Ana sayfa Oyuncu Biyografileri Onur Saylak Kimdir? Nereli – Boyu – Yaşı – Dizileri – Ailesi

Onur Saylak Kimdir? Nereli – Boyu – Yaşı – Dizileri – Ailesi

tarafından ker_def

Onur Saylak, 12 Mayıs 1977 tarihinde Ankara’da doğmuştur. Türk dizi, sinema, tiyatro oyuncusu ve yönetmen.

Adı: Onur Saylak
Doğum Tarihi: 12 Mayıs 1977
Doğum Yeri: Ankara
Boyu: 1.80 m.
Kilosu:  77 kilo
Burcu: Boğa
Göz Rengi: Kahverengi
Saç Rengi: Koyu Kahverengi
Çocukları: Maya Saylak, Toprak Saylak
Instagram: https://www.instagram.com/onursaylak/
Evcil Hayvanları: Kedi ve köpeği var.

Onur Saylak Kimdir? Nereli – Boyu – Yaşı – Dizileri – Ailesi 9

Ailesi: 2011 yılında Fransa’nın Başkenti Paris’de kendisi gibi oyuncu olan Tuba Büyüküstün ile evlendi. Maya ve Toprak adında ikiz kızları olan çift 5 Haziran 2017’de boşandı.    

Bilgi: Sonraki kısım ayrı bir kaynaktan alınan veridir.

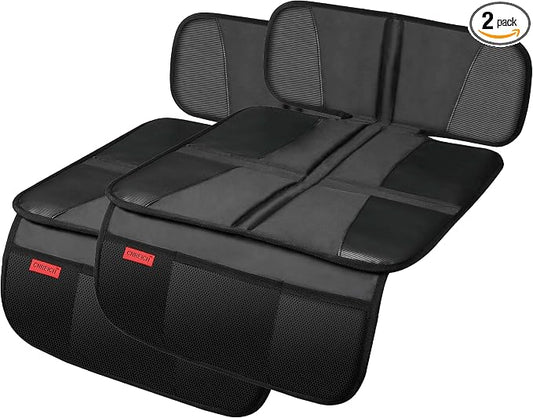 Kaiphy Car Seat Protector - Seat Protection Mat - Thick Padding - Durable, Waterproof Fabric, Leather Reinforced Corners & 3 Pockets for Handy Storage (2 Pack) Black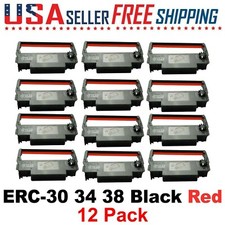 (12) EPSON ERC 30 / 34 / 38 BLACK & RED INK POS PRINTER RIBBONS  ~FREE SHIPPING~ picture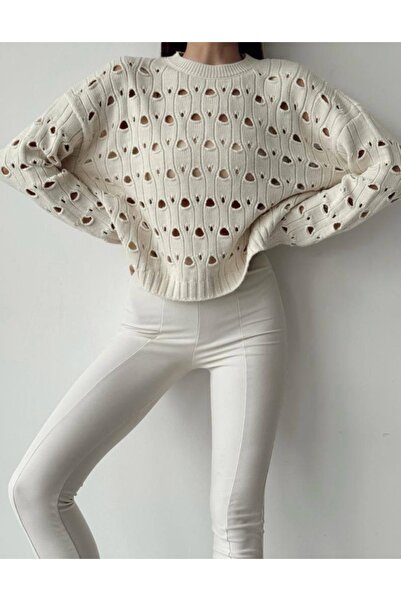 Genel Markalar Kadın Delikli Bisiklet Yaka Kısa Kazak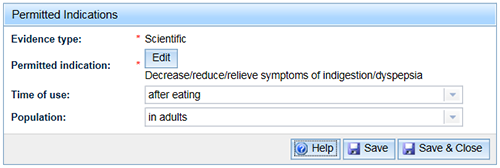 screenshot showing Permitted Indications additional qualifiers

Çocukluk yılları: Kuşadası’nda büyüdü.  Güzel eğlenceli bir çocukluk geçirdi. “80’li, 90’lı yıllarda Kuşadası daha küçük daha butik daha keyifli bir yerleşim merkeziydi. Hemen hemen herkes birbirini tanırdı ve çok sıkı dostluklarımız vardı. Denizin çok büyük etkisi var üzerimde. Güzel bir çocukluk ve gençlik dönemi geçirdim diyebilirim. Çocukken ‘Elm Sokağında Kabus’ filminden çok korkardım. İzlediğim zaman ‘Freddy Krueger’ tırnaklarıyla tahtayı çizdiğinde gözlerimi kapattığımı hatırlıyorum ama izlemeye devam ederdim. Şimdi ise çok korku filmi izleyemiyorum çünkü gerçekten korkuyorum. En son ‘Altıncı His’ filminden sonra bıraktım bu işleri.”

Eğitim hayatı: Orta Doğu Teknik Üniversitesi Fizik Bölümü’nde ve Ankara Üniversitesi Siyasal Bilgiler Fakültesi Kamu Yönetimi Bölümü’nde kısa süre eğitim aldıktan sonra, Bilkent Üniversitesi Tiyatro Bölümü’nü kazandı ve mezun oldu.

Oyunculuğa ilk adım: Televizyon macerasına ‘Bizim Evin Halleri’ dizisiyle başladı.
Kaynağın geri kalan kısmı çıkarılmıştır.